In a career that stretched to a quarter century in Cuba and included at least a dozen Mexican winter seasons and 14 Negro league campaigns, the Cuban star was always dominant as a pitcher. His mound credentials would eventually include no-hitters in three countries (Mexico, Venezuela, and Puerto Rico), a documented 119–57 Mexican League record, a verifiable 93–48 won-lost mark over his final 12 Cuban seasons, a 218–106 winter-league and Negro league record in games officially documented, and perhaps dozens more victories lost to history through shoddy or non-existent record-keeping.

While the raw numbers of base hits and pitching victories were never very well recorded, the anecdotal evidence for Dihigo’s greatness is truly overwhelming. Stories abound of the Cuban’s flaming fastball, his deadly throwing arm, his fence-rattling hefty lumber, and his rare grace at every field position except the catcher’s slot. (He did occasionally move behind the plate, but the position was never a strong point or an assignment for which he showed much enthusiasm.) First an infielder, later an outfielder, and finally a pitcher, he was truly eye-catching on whatever part of the diamond he chose to patrol.

Some of Dihigo’s hitting feats border on the legendary. Negro leagues historian John Holway reports on one ex–blackball ace, Schoolboy Johnny Taylor, witnessing a Dihigo line drive that nearly decapitated a paralyzed shortstop, then slammed against the outfield fence before the amazed infielder could raise his hands in apparent self-defense. “A foot lower and it would have killed the panicked infielder,” recalls Taylor, Dihigo’s teammate on the New York Cubans in the late 1930s.

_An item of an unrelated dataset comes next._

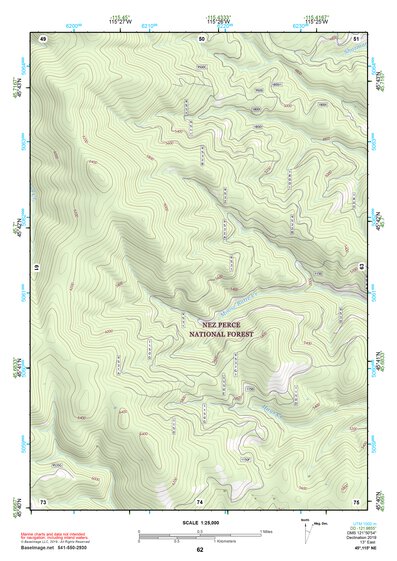 45115NE Page 62 Elk City Topo Preview 1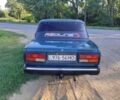 Зеленый ВАЗ 2107, объемом двигателя 5 л и пробегом 80 тыс. км за 1100 $, фото 12 на Automoto.ua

One of Dihigo’s most celebrated blasts not only cleared the center-field wall in a rural Cuban field, but also sailed over a weathervane atop a house 40-plus feet beyond the fence—a shot approaching 500 feet in distance. Buck Leonard told Holway of another Dihigo blast in Pittsburgh’s Greenlee Field that sailed better than 500 feet before landing on an adjacent hospital rooftop.

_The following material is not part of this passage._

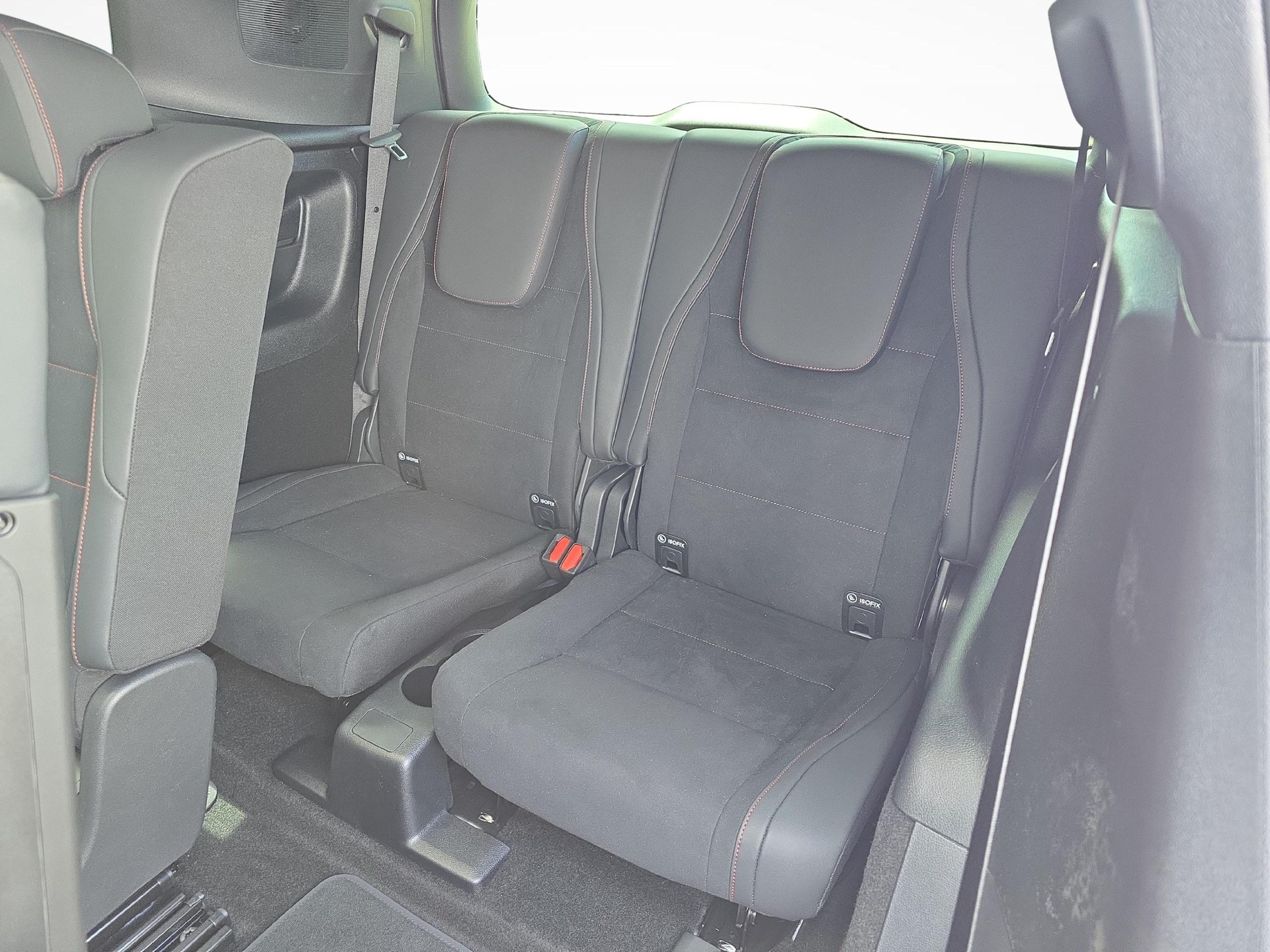 MERCEDES-BENZ GLB 350 4MATIC EQ Technology-image-12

In addition to his prowess with a bat, Dihigo possessed a throwing arm that veteran Negro leaguer Ted Page would later call even better than Clemente’s. Dihigo once stunned Negro league great Judy Johnson with an unparalleled throwing exhibition at the Havana ballpark in the early 1930’s. In a show of pregame skill, Dihigo had been matched against a professional jai alai player who first displayed his own athleticism by slinging a ball with his basketlike cesto that hit the center-field fence on a single bounce. Standing on home plate the rubber-armed baseballer then uncorked a heave that bounded off the same wall on the fly.

In addition to being the owner of unique physical skills, by all accounts, Dihigo was also a rather crafty competitor. Stories of Dihigo’s clever and sometimes highly entertaining on-field ploys are common. He once shagged an outfield hit and then jogged the ball into the infield to communicate with his shortstop. On the return trip to his post (still clutching the baseball) he politely asked a runner stationed on second if he could adjust the dust-covered base. Dihigo then promptly achieved an unexpected putout by tagging the all-too-cooperative opponent, who had foolishly stepped off the sack. A more celebrated (if not apocryphal) incident—reported by one longtime Cuban fan to Holway—has Dihigo strolling from third base to the plate screaming “you balked, you balked” at a stunned rival pitcher. The gullible hurler reportedly remained frozen on the mound until Dihigo was halfway to the dugout with an unorthodox home-plate steal tucked in his proverbial back pocket.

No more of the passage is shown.